Pengajar yang Baik adalah Komunikator yang Baik

24 Juni 2024   14:51 Diperbarui: 24 Juni 2024   15:17 74
+
Laporkan Konten
Laporkan Akun
Kompasiana adalah platform blog. Konten ini menjadi tanggung jawab bloger dan tidak mewakili pandangan redaksi Kompas.

Keterampilan berbicara di depan umum pun perlu dikembangkan oleh kita para pengajar. Seorang pengajar tentunya akan berkomunikasi dengan beberapa pihak, tidak menutup kemungkinan kita akan menjadi pembicara dalam beberapa kesempatan. Misalnya, memandu pertemuan orang tua siswa atau acara pembagian raport, memandu seminar atau diskusi dan sebagainya.  

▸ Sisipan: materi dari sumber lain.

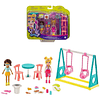 Polly Pocket Muñeca Modelo Pack De Juego Park Picnic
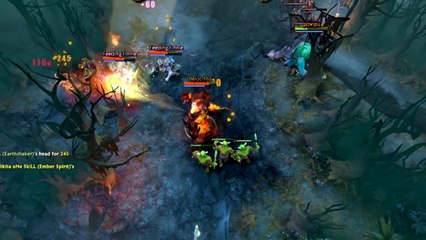 Dota 2 Funny Moments Ep6  What does the  Witch Doctor  say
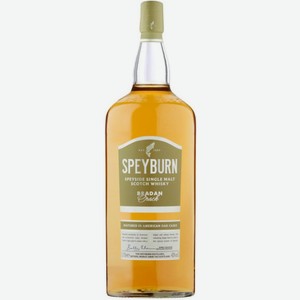 Виски Speyburn Bradan Orah single malt scotch whisky 1.75л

John W. Santrock dalam bukunya Educational Psychology (2011) menyebutkan beberapa poin penting sebagai panduan untuk menyampaikan informasi dengan baik di depan umum. Pertama, kita perlu berbicara langsung kepada audience atau hadirin yang dating. Jangan terlalu banyak membaca catatan atau alat bantu. Misalnya, terlalu fokus terhadap tulisan yang ada pada layar monitor atau screen. Selanjutnya, kita juga perlu menyatakan tujuan dengan jelas sejak awal. Kemudian menyampaikan informasi dengan efektif yaitu dengan mengelola kontak mata, gerakan tubuh yang mendukung dan mengontrol penggunaan suara sesuai dengan kebutuhan audience. Terakhir, kita perlu menggunakan media secara efektif. Misalnya, dengan menyajikan poin-poin inti pembahasan dalam powerpoint atau menyajikan sebuah contoh kasus, video dan sebagainya. Hal ini karena pada dasarnya media yang kita gunakan tersebut akan memudahkan audien memahami informasi yang kita sampaikan.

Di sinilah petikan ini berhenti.